**BRIEF**
Reproduce the listing below character for character; drop every image.

┌─ DATA BELOW

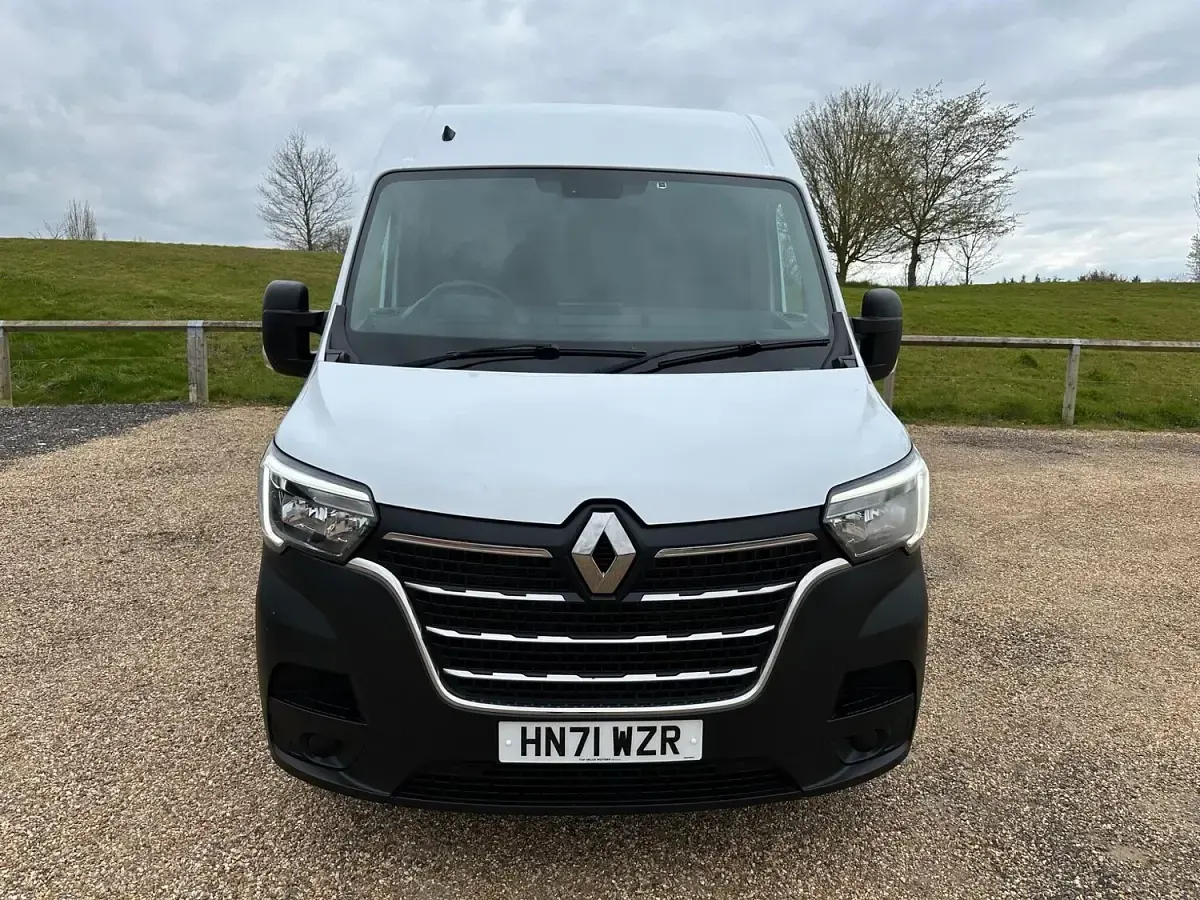 Used Renault Master Business 2021 White MPV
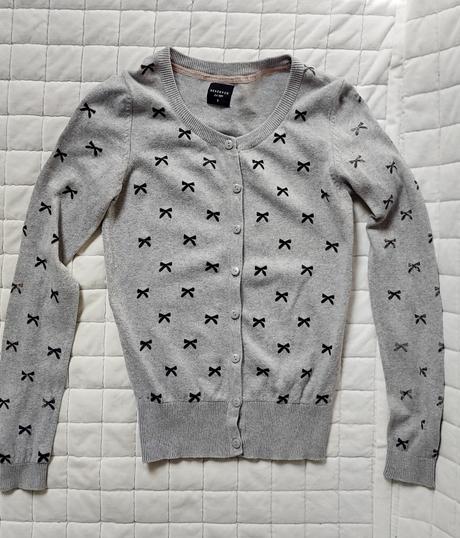 Dámský svetřík s mašličkami, reserved,s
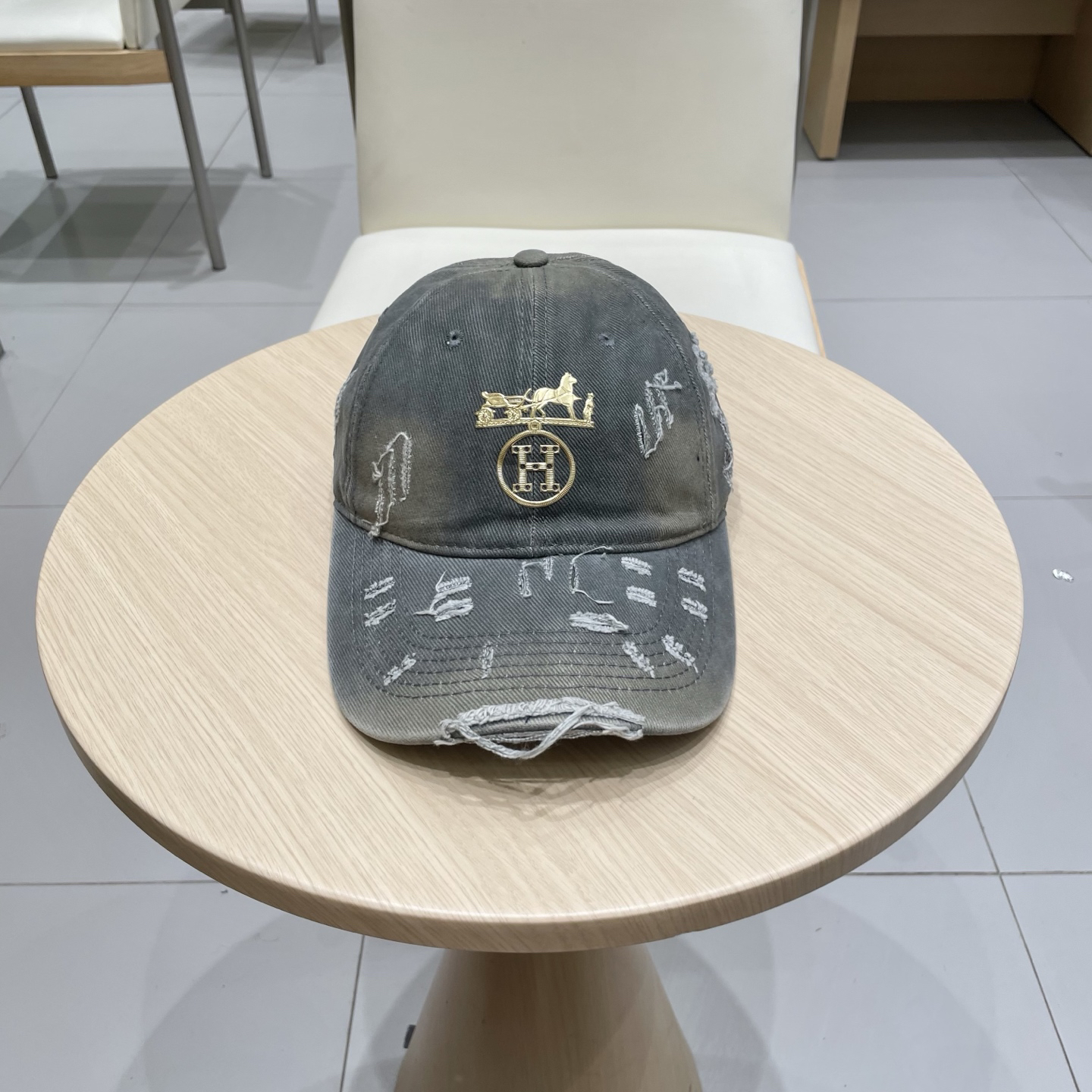 エルメス「Hermès」Classic ベースボールキャップ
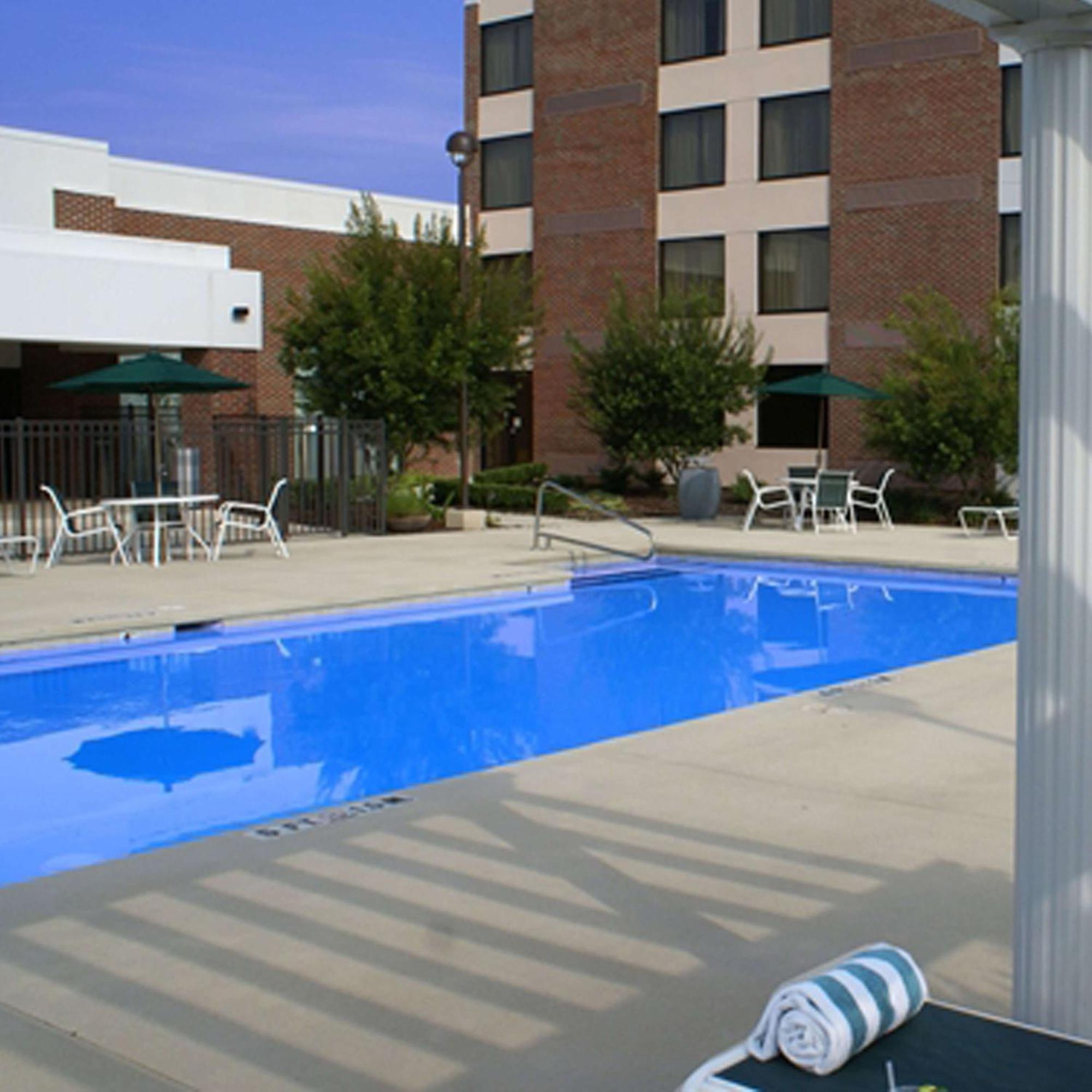 Hotel Doubletree By Hilton Rocky Mount Exterior foto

└─

**OUTPUT FOR THIS TASK**
 Used Renault Master Business 2021 White MPV
 Dámský svetřík s mašličkami, reserved,s
 エルメス「Hermès」Classic ベースボールキャップ
 Hotel Doubletree By Hilton Rocky Mount Exterior foto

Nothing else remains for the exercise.